Author's Comment: "While this is in the spirit of Problems Compound and Slicker City, there's no reason you have to play either to appreciate this."
Entrant, Back Garden - Spring Thing 2017
| Average Rating: based on 3 ratings Number of Reviews Written by IFDB Members: 2 |
I found this game a lot denser than other Ned Yompus games. It is almost a sequel to Shuffling Around in format and gameplay. The main sequence is exploring the environment to figure out what the wordplay is, then adapting your command to that scene.
Ultimately I found the solutions increasingly illogical and farfetched and ended up resorting to the walkthrough constantly. Even while following the author's walkthrough directly, the solutions just stopped making any sense to me pretty early into the game.
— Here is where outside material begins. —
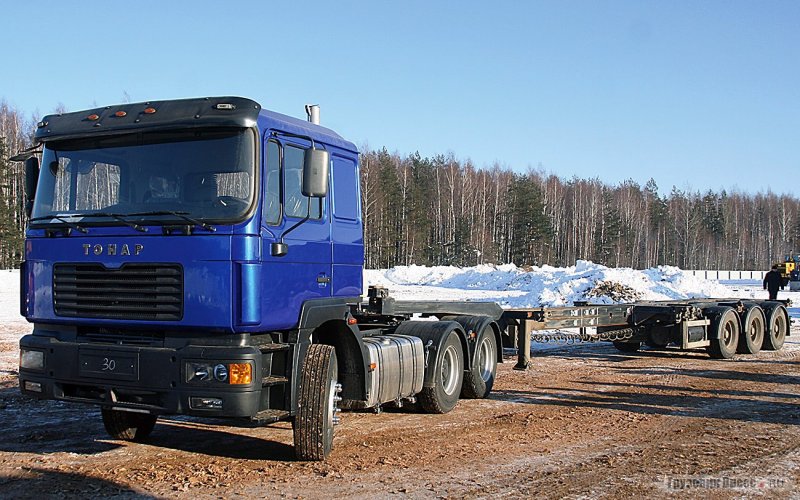 МАЗ 6430 Тонар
Since Buck the Past has essentially no plot or character development, everything boils down to whether or not the wordplay makes sense and is funny. In most cases, the solutions are so unintuitive that it is hard to enjoy the more clever moments.
I enjoyed Shuffling Around quite a bit, but Buck the Past, while based with a good premise, was ultimately too untamed and illogical for me to complete.
This game is in the spirit of the Problems Compound and Slicker City. It's a surreal adventure about self reflection and mean people, where everything is written using common phrases turned backwards (which reminds me, Andrew should write a game where every puzzle solution is a palindrome).
The puzzles were more interesting this time around, though I had the hardest time getting initial clues on how to solve them. I enjoyed the postponed mechanic, for instance.
These three games are all of one cloth. If you liked the others, you'll like this one.